The value of the deviance extracted from the object

family method for fastglm fitted objects

Description

family method for fastglm fitted objects

Usage

## S3 method for class 'fastglm'
family(object, ...)
## S3 method for class 'fastglm'
family(object, ...)

Arguments

`object`	fastglm fitted object
`...`	not used

Value

returns the family of the fitted object

fast generalized linear model fitting

Description

fast generalized linear model fitting

bigLm default

Usage

fastglm(x, ...)

## Default S3 method:
fastglm(
  x,
  y,
  family = gaussian(),
  weights = NULL,
  offset = NULL,
  start = NULL,
  etastart = NULL,
  mustart = NULL,
  method = 0L,
  tol = 1e-08,
  maxit = 100L,
  ...
)
fastglm(x, ...)

## Default S3 method:
fastglm(
  x,
  y,
  family = gaussian(),
  weights = NULL,
  offset = NULL,
  start = NULL,
  etastart = NULL,
  mustart = NULL,
  method = 0L,
  tol = 1e-08,
  maxit = 100L,
  ...
)

Arguments

`x`	input model matrix. Must be a matrix object
`...`	not used
`y`	numeric response vector of length nobs.
`family`	a description of the error distribution and link function to be used in the model. For `fastglm` this can be a character string naming a family function, a family function or the result of a call to a family function. For `fastglmPure` only the third option is supported. (See `family` for details of family functions.)
`weights`	an optional vector of 'prior weights' to be used in the fitting process. Should be a numeric vector.
`offset`	this can be used to specify an a priori known component to be included in the linear predictor during fitting. This should be a numeric vector of length equal to the number of cases
`start`	starting values for the parameters in the linear predictor.
`etastart`	starting values for the linear predictor.
`mustart`	values for the vector of means.
`method`	an integer scalar with value 0 for the column-pivoted QR decomposition, 1 for the unpivoted QR decomposition, 2 for the LLT Cholesky, or 3 for the LDLT Cholesky
`tol`	threshold tolerance for convergence. Should be a positive real number
`maxit`	maximum number of IRLS iterations.

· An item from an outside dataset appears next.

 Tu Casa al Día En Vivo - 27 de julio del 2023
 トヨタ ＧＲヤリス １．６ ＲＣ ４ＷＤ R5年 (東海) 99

Should be an integer

Value

A list with the elements

`coefficients`	a vector of coefficients
`se`	a vector of the standard errors of the coefficient estimates
`rank`	a scalar denoting the computed rank of the model matrix
`df.residual`	a scalar denoting the degrees of freedom in the model
`residuals`	the vector of residuals
`s`	a numeric scalar - the root mean square for residuals
`fitted.values`	the vector of fitted values

Examples


x <- matrix(rnorm(10000 * 100), ncol = 100)
y <- 1 * (0.25 * x[,1] - 0.25 * x[,3] > rnorm(10000))

system.time(gl1 <- glm.fit(x, y, family = binomial()))

system.time(gf1 <- fastglm(x, y, family = binomial()))

system.time(gf2 <- fastglm(x, y, family = binomial(), method = 1))

system.time(gf3 <- fastglm(x, y, family = binomial(), method = 2))

system.time(gf4 <- fastglm(x, y, family = binomial(), method = 3))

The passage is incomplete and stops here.